> _EXERCISE REQUIREMENTS_
Find the line that holds "Humane Wildlife Removal" in the material below. Output that line and each one after it exactly, but not the pictures.

> _THE RECORDS_
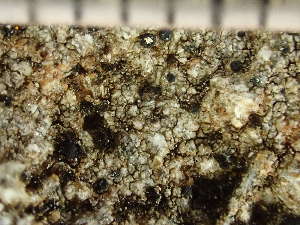  ( - O-L-243146)  @11 [ ] by-nc (2024) Reidar Haugan University of Oslo, Natural History Museum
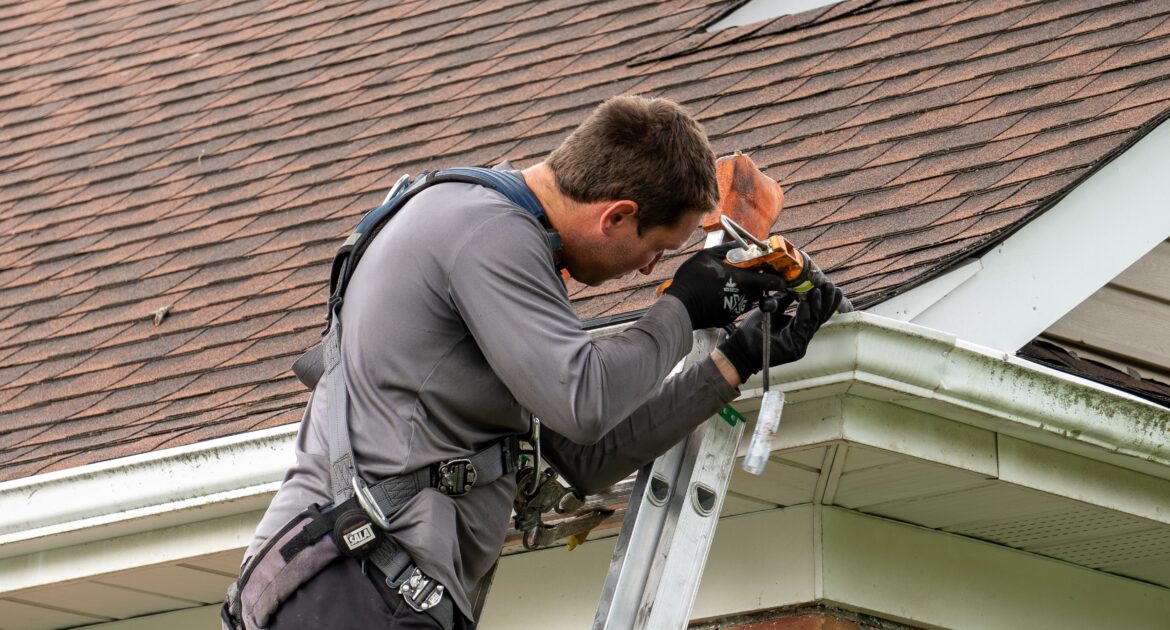 Humane Wildlife Removal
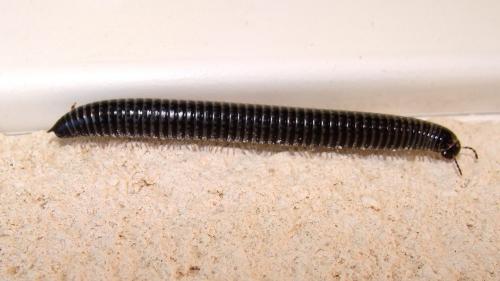 Réf. 87 832 : Ommatoiulus sabulosus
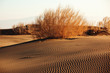 Shrub Saxaul (Haloxylon) in sand desert Shrub Saxaul (Haloxylon) in sand desert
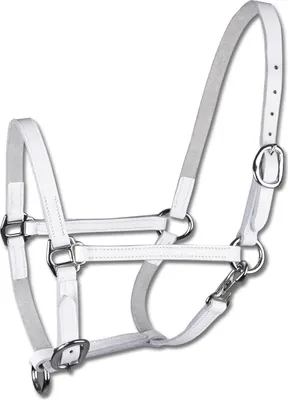 Produktbild von Waldhausen Halfter STAR Fohlenvorführhalfter Leder Weiß WB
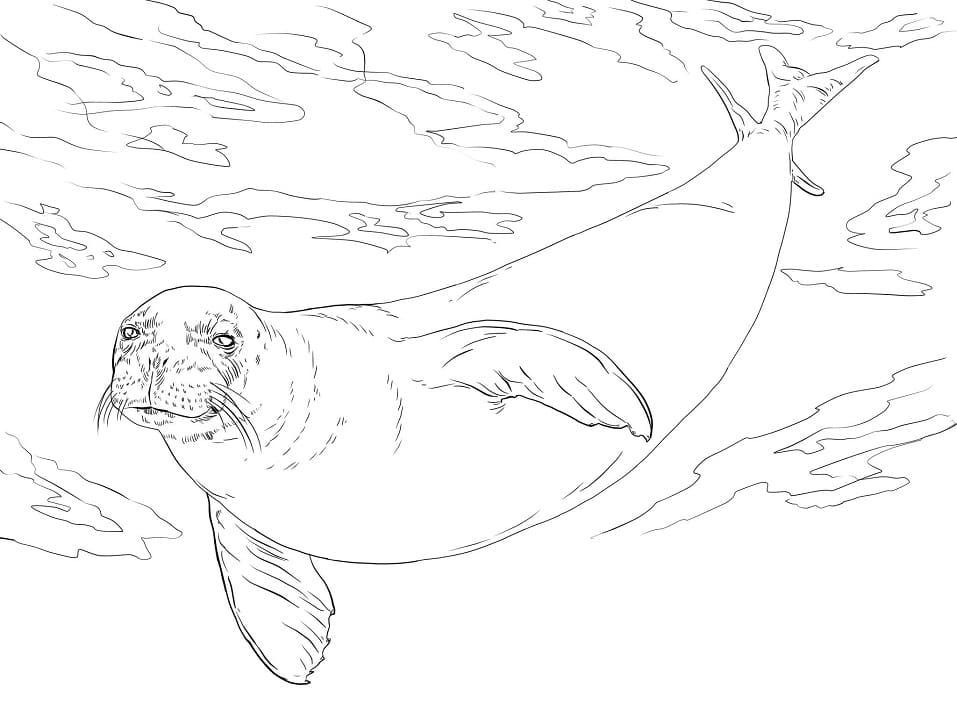 Monk Seal Coloring Page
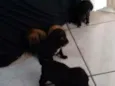 Não tem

> _TASK ANSWER_
 Humane Wildlife Removal
 Réf. 87 832 : Ommatoiulus sabulosus
 Shrub Saxaul (Haloxylon) in sand desert Shrub Saxaul (Haloxylon) in sand desert
 Produktbild von Waldhausen Halfter STAR Fohlenvorführhalfter Leder Weiß WB
 Monk Seal Coloring Page
 Não tem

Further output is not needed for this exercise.